Lauren Nephew was surprised by himself. She had expected that she would look forward to the first dose of vaccine against the coronavirus. As a medical doctor, the gastroenterologist from Indianapolis came earlier than many other Americans. Suddenly there were doubts, says Nephew – despite ten years of medical training, despite a career as a professor at Indiana University.
“I’m a doctor, but I’m also a black woman,” says Nephew. And like many African American women, she has had negative experiences with the health system. She knows the history of black abuse in this system.
At first, Nephew didn’t want to talk to her colleagues about their concerns about vaccination – but then she discovered that black colleagues felt the same way. “Is the vaccination really good for us? Was it developed by people who had our wellbeing in mind? ”This is how Nephew describes the questions that went through her head.
The doctor is not alone in this. Many black Americans are skeptical when it comes to vaccinating against the coronavirus – but not because they believe in conspiracy myths. In December, when polled by the Kaiser Family Foundation, more than a third of blacks said they would not be vaccinated.
According to the American Disease Control Agency, the discrepancy in actual vaccination numbers is even more pronounced. According to this, the proportion of blacks among all those vaccinated by January was 5.4 percent, the proportion of whites was more than 60 percent. African Americans make up around 13 percent of the population, whites without Latin American origins make up 62 percent. According to many experts, the vaccination gap indicates that skepticism cannot be the only reason. It also plays a role that black people find it difficult to get vaccinations in many places.
Try on black people
Authorities responded to the numbers by looking for better ways to target different people and populations. But what became clear in the group surveys cannot be easily removed. Afro-Americans in particular distrust the health care system very fundamentally, beyond corona and vaccination. To understand where this is coming from, one has to look into the past.

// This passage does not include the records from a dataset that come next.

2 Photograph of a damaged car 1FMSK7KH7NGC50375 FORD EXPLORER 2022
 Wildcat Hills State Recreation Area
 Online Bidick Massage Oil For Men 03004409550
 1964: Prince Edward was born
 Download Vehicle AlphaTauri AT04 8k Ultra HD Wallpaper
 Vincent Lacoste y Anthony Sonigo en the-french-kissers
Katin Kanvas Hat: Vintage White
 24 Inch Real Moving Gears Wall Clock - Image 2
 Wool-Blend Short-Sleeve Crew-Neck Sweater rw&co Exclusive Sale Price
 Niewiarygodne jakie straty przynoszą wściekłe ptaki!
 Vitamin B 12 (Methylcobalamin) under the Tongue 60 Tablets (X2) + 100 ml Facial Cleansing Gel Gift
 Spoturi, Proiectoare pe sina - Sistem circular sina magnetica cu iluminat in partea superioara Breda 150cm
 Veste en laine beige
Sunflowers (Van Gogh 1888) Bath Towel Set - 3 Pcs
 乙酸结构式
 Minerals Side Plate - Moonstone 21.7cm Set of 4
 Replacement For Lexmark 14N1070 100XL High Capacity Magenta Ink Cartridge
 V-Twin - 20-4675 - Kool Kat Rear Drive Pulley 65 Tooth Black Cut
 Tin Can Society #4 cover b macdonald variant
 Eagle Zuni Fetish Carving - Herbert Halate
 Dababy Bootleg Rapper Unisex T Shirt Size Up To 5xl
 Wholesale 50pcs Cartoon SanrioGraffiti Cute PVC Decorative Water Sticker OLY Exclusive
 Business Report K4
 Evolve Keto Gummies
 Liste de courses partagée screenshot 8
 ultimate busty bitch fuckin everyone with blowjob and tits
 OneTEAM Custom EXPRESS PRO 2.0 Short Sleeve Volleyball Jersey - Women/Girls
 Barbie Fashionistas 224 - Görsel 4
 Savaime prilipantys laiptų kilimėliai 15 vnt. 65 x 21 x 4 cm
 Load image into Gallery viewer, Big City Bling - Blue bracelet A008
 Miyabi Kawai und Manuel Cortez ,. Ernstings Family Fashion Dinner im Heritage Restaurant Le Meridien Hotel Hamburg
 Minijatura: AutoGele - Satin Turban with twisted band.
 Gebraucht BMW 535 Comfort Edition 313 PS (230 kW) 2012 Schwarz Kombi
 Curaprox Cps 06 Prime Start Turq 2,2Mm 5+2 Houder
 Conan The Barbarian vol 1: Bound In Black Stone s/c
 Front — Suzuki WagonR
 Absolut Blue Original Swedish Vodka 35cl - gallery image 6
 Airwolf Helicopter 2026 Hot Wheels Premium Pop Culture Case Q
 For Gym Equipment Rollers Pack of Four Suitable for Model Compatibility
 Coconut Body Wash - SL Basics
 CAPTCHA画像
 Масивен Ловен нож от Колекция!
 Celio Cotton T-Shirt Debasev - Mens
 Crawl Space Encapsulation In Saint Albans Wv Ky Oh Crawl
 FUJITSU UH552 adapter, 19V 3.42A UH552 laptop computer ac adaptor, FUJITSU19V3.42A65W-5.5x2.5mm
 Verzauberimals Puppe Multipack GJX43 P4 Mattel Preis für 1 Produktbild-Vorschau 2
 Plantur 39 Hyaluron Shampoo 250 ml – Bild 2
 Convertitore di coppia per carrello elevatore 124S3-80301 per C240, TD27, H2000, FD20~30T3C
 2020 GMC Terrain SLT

For example, there is the Tuskegee syphilis experiment that began in 1932 and didn’t end until 1972. The Public Health Service and the Department of Disease Control and Prevention were recruiting 600 African American men from Macon County, Alabama. The majority of them, 399, had syphilis. The doctors told them that they would get free medication and that they would be treated for the sexually transmitted disease. The men came from poor backgrounds and worked in the fields for a meager part of the harvest. The real aim of the study wasn’t to help them, but rather to research the effects of untreated syphilis. The men were therefore deliberately discouraged from seeing other doctors and receiving treatment.